--- Source data Enclosed Below ---
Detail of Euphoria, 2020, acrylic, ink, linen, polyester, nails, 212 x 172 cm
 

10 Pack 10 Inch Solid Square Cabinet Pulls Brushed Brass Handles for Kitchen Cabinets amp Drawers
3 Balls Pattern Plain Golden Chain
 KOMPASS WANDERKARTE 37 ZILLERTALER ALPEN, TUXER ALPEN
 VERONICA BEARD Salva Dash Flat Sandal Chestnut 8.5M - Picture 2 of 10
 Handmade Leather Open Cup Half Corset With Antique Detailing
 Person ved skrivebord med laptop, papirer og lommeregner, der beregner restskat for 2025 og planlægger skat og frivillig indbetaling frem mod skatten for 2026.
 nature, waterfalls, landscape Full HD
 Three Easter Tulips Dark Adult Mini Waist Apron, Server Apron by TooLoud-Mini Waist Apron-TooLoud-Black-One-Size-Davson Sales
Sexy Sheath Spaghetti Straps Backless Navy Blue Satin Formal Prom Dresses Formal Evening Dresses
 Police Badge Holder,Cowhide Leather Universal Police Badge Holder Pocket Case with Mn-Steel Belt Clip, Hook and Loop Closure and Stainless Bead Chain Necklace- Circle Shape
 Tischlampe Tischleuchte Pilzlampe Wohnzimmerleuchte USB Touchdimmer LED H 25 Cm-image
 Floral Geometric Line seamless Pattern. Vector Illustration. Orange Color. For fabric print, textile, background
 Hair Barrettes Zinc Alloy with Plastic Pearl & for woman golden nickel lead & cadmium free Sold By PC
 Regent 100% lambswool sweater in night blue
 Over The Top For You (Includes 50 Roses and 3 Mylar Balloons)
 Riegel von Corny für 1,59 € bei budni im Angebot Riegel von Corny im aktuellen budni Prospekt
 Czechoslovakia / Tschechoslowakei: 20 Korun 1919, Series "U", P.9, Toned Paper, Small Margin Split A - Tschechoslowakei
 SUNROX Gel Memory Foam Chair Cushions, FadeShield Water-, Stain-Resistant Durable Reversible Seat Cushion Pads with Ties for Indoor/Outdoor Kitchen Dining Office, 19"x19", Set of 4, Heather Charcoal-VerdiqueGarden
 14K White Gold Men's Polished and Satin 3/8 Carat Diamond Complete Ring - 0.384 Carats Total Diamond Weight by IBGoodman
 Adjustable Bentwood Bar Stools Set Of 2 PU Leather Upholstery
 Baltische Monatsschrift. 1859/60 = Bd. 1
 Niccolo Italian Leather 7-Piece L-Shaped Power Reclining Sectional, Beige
--- End of Enclosed Source data ---
» Aim of the task:
Your task is to write out the lines from the one with "SUNROX Gel Memory" through the end of the records, exactly and with nothing added.

» Task result:
 SUNROX Gel Memory Foam Chair Cushions, FadeShield Water-, Stain-Resistant Durable Reversible Seat Cushion Pads with Ties for Indoor/Outdoor Kitchen Dining Office, 19"x19", Set of 4, Heather Charcoal-VerdiqueGarden
 14K White Gold Men's Polished and Satin 3/8 Carat Diamond Complete Ring - 0.384 Carats Total Diamond Weight by IBGoodman
 Adjustable Bentwood Bar Stools Set Of 2 PU Leather Upholstery
 Baltische Monatsschrift. 1859/60 = Bd. 1
 Niccolo Italian Leather 7-Piece L-Shaped Power Reclining Sectional, Beige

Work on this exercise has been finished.